Et si la voiture du futur n’était pas un bolide tapageur, mais une plume qui glisse sur la route ? Avec une consommation ridicule de 4 kWh/100 km, la LINE de Facteur Dix redéfinit la mobilité électrique avec audace et intelligence.
Une consommation énergétique à peine croyable
Imaginez une voiture qui consomme moins qu’un scooter électrique. Sur le papier, cela frôle l’utopie. Et pourtant, c’est exactement ce que propose Facteur Dix, une start-up normande fondée par deux ingénieurs passionnés, Marc Guillemaud et Augustin Roulleaux Dugage. Leur prototype, baptisé LINE, ambitionne de devenir le véhicule le plus efficace énergétiquement jamais conçu.
Avec une consommation annoncée de 4 kWh/100 km, on est très loin des standards actuels. En version thermique, cela reviendrait à rouler avec 0,45 litre aux 100 km. De quoi faire frissonner n’importe quel constructeur auto.
@numerama Ce jeudi 3 juillet, la start-up Facteur Dix a dévoilé le prototype de sa concept car super efficiente : le LINE. On vous présente cette voiture qui consomme moins qu’un scooter ! #numerama #auto #tech #techtok #sinformersurtiktok #electriccar #electrique #voiture #conceptcar ♬ son original – Numerama
L’art de consommer moins : masse, aérodynamisme, efficacité
Pour parvenir à une telle prouesse, trois leviers ont été activés :
Un poids plume : grâce à l’usage intensif du carbone, la LINE affiche moins de 500 kg sur la balance. Un exploit dans un secteur où les voitures électriques flirtent souvent avec la tonne et demie.
Un aérodynamisme soigné : sa forme de goutte d’eau, ses trois roues, ses surfaces lisses, et ses tunnels d’air latéraux optimisent le passage du flux. Résultat, un SCx de 0,28, là où des références comme la Tesla Model 3 ou la Mercedes EQS tournent autour de 0,50.
Une surface frontale minimale : cet élément, souvent oublié du grand public, joue pourtant un rôle capital dans la résistance à l’air.
L’esthétique, elle aussi, n’a pas été sacrifiée : portes en élytre, cockpit bulle, et inspiration tirée des anciennes voitures des 24 Heures du Mans donnent à cette voiture un cachet inattendu.

Dimensions modestes, grande autonomie
Avec ses 3,93 m de long, 1,70 m de large à l’avant et 76 cm à l’arrière, la LINE se faufile partout.
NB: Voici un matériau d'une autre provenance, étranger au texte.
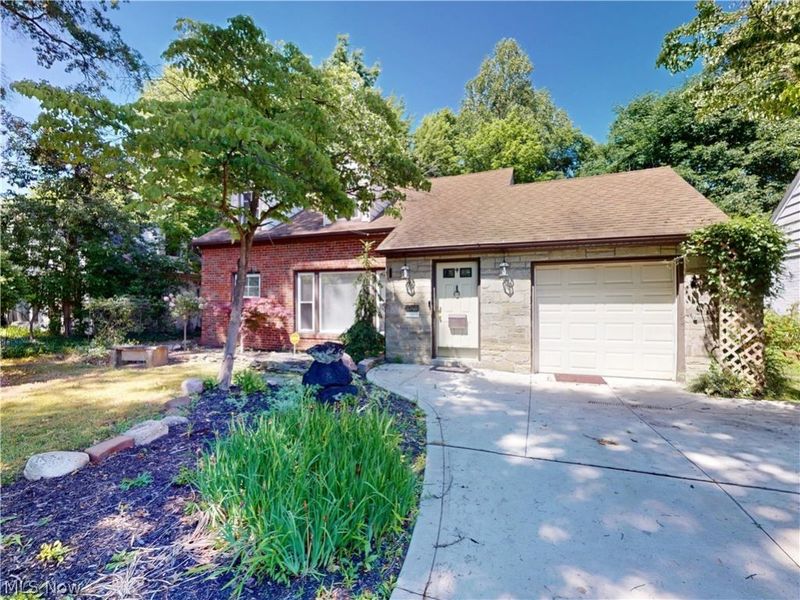 1049 Renfield Road, Cleveland Heights, OH 44121 Photo 1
Sa batterie de 30 kWh, fabriquée en Chine, suffit à lui offrir une autonomie de 500 km, voire 750 km en usage urbain. Et pour ceux qui aiment aller vite : le rechargement de 10 à 80 % prend à peine 10 minutes, sous réserve de la puissance disponible.
Le tout est animé par des moteurs intégrés dans les roues avant, pour une puissance de 70 chevaux et une vitesse de pointe annoncée à 165 km/h. Sobre mais nerveux.

À l’intérieur : dépouillement réfléchi
Pas de gadgets inutiles. Ici, pas d’écran géant, ni de domotique avancée. Juste l’essentiel : deux sièges (légèrement décalés), un coffre de 90 litres, et un système minimaliste. La priorité ? L’efficience, encore et toujours.
Les rétroviseurs sont remplacés par des caméras, installées dans les canaux d’air latéraux. Un clin d’œil moderne à une voiture qui ne cherche pas à en mettre plein la vue, mais à rouler loin, longtemps, et proprement.

Une ambition industrielle dès 2030
La commercialisation de la LINE passera par deux phases. D’abord, une première série limitée entre 150 000 et 200 000 €, prévue pour 2027, réservée à quelques passionnés souhaitant soutenir le projet.
Puis, à l’horizon 2030, 500 exemplaires par an devraient sortir d’une usine française, avec un prix visé autour des 30 000 €. De quoi rendre accessible une technologie qui semblait réservée à des laboratoires futuristes.

Dans un monde où l’on parle souvent de sobriété sans jamais vraiment l’atteindre, la LINE incarne une réponse concrète, technique et désirable. Une voiture qui ne se contente pas de consommer peu : elle repense notre rapport à la mobilité.